=== Entries provided ===
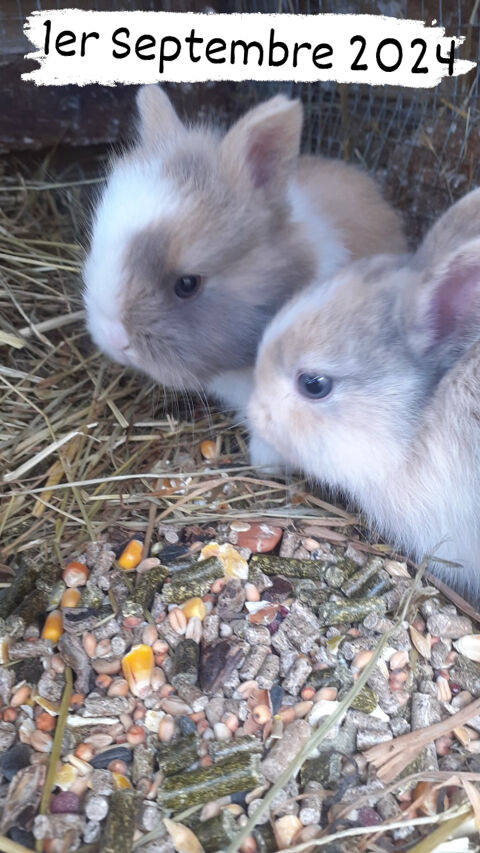 Lapins nains 20 65100 Lourdes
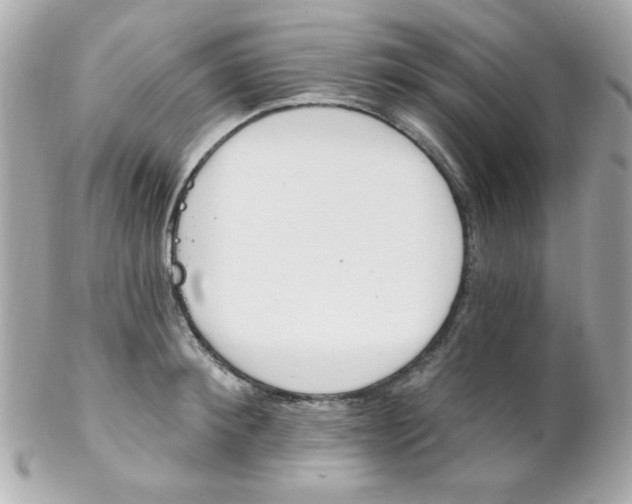 X0000102290900200808151950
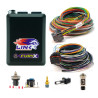 G4X FuryX Wire-In Bundle - ECU + Looms + Sensors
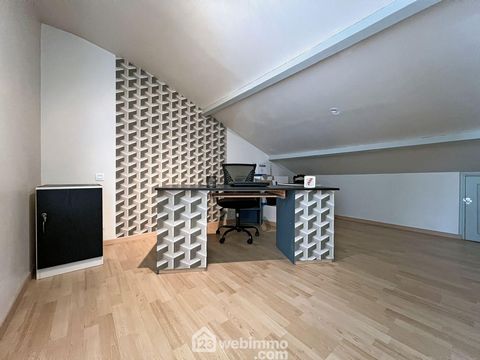 photo no. 11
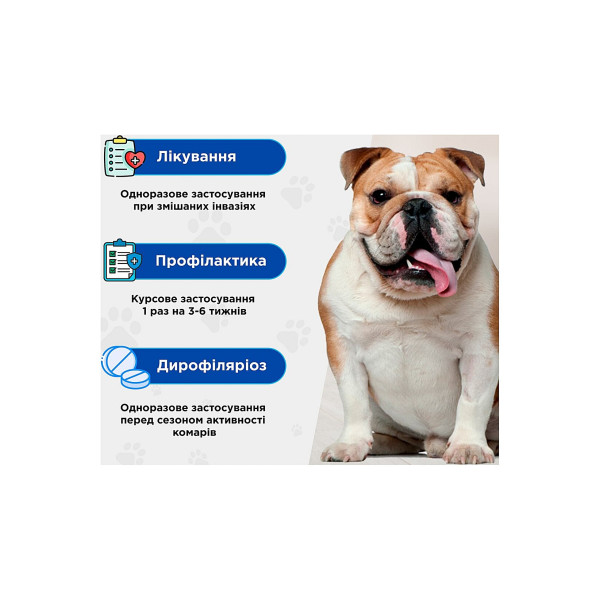 Таблетки протипаразитарні Квадромідас ModeS для собак від 8 до 16 кг 0,8 г від бліх, кліщів, гельмінтів №1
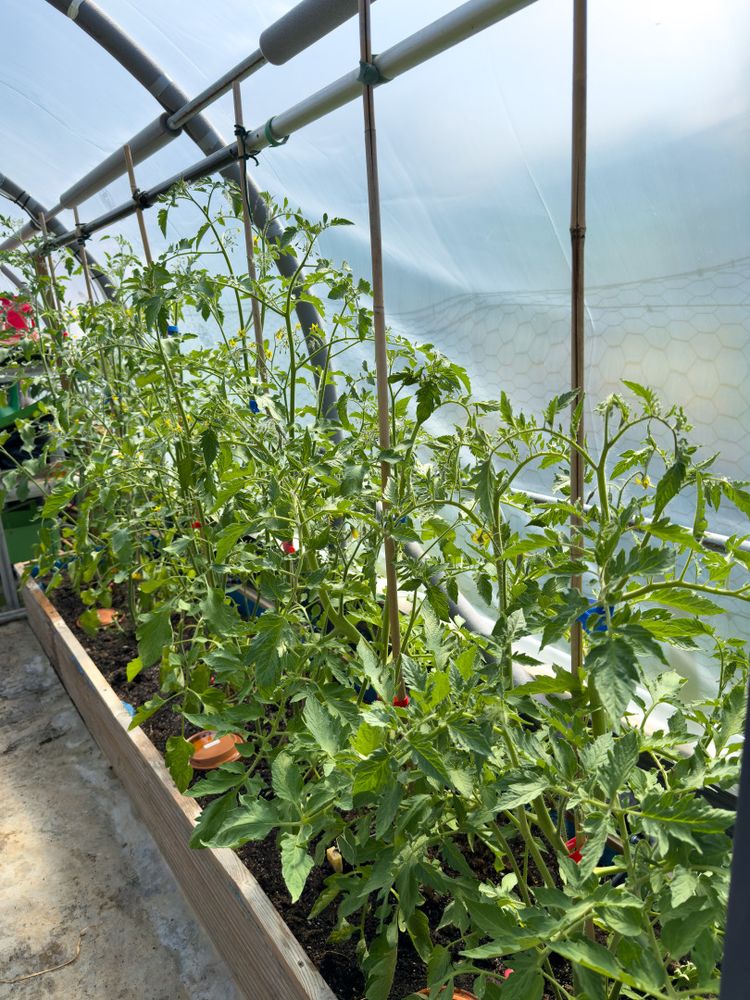tomato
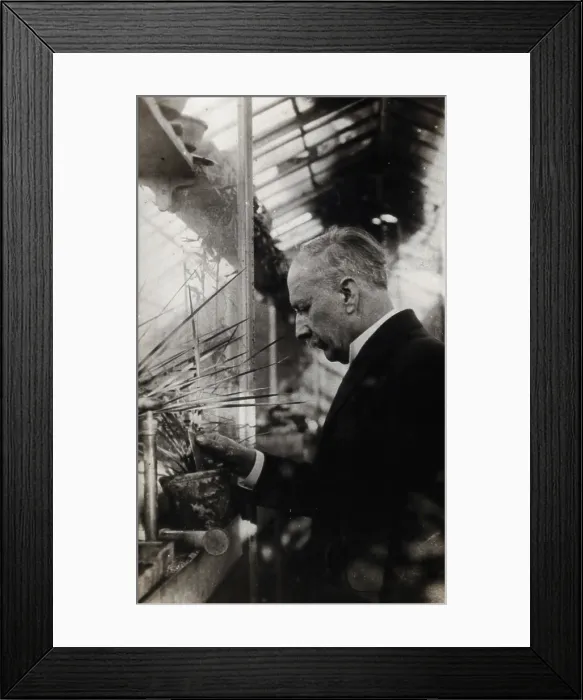 Framed Print : Daniel Berthelot. Creator: Unknown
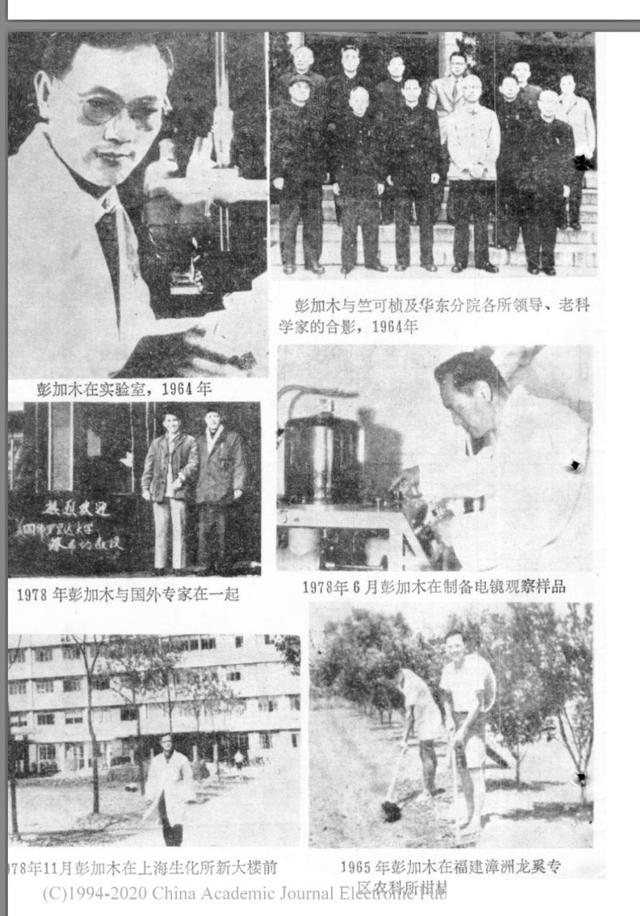 彭加木失踪之谜，1980年彭加木罗布泊失踪之谜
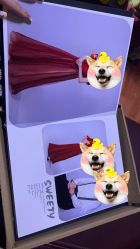 -韩慕婚纱摄影(九亭店)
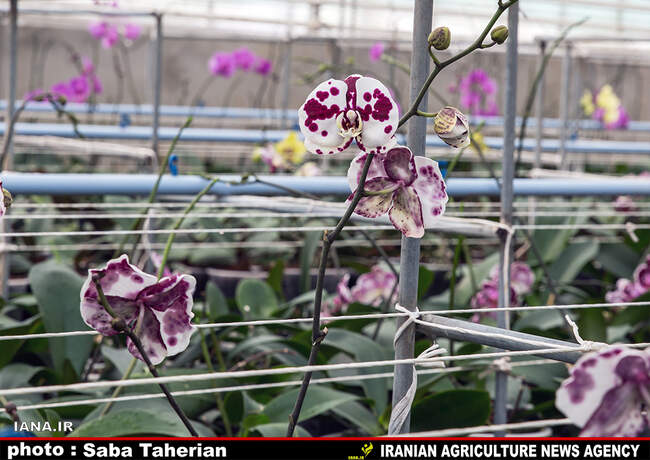 گلخانه بیست و پنج ساله درپاکدشت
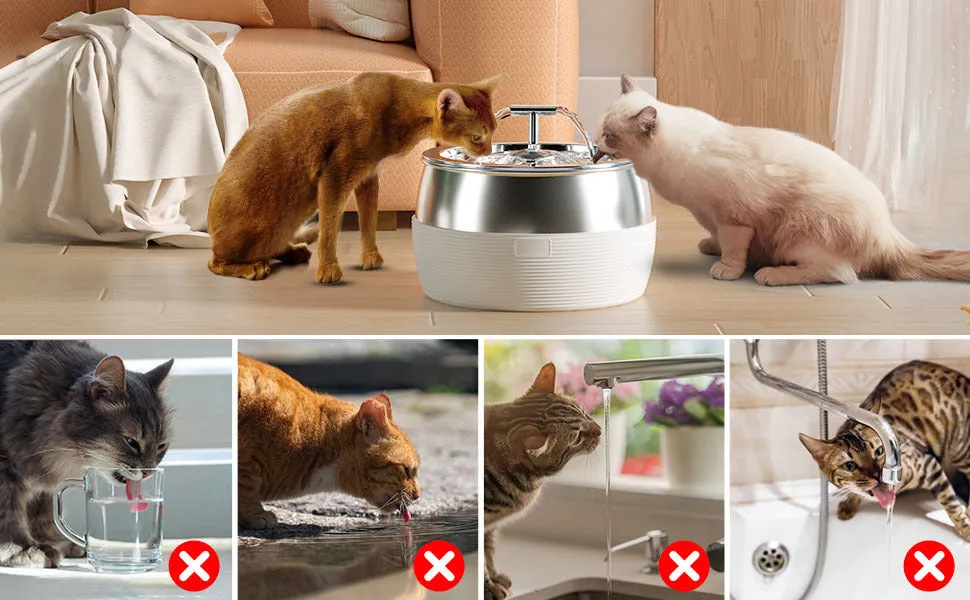 3L Automatic Electric Pet Water Fountain | Stainless Steel Feeder Bowl Dispenser, White
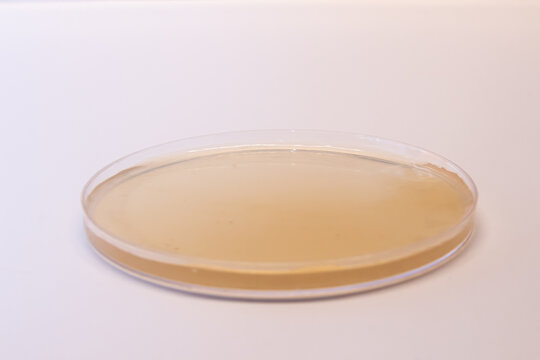 petri dish with white background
===
Only lines go in the copy, not pictures. Transcribe exactly from the start of the listing through the line containing "گلخانه بیست و پنج ساله درپاکدشت".

**Response:**
 Lapins nains 20 65100 Lourdes
 X0000102290900200808151950
 G4X FuryX Wire-In Bundle - ECU + Looms + Sensors
 photo no. 11
 Таблетки протипаразитарні Квадромідас ModeS для собак від 8 до 16 кг 0,8 г від бліх, кліщів, гельмінтів №1
tomato
 Framed Print : Daniel Berthelot. Creator: Unknown
 彭加木失踪之谜，1980年彭加木罗布泊失踪之谜
 -韩慕婚纱摄影(九亭店)
 گلخانه بیست و پنج ساله درپاکدشت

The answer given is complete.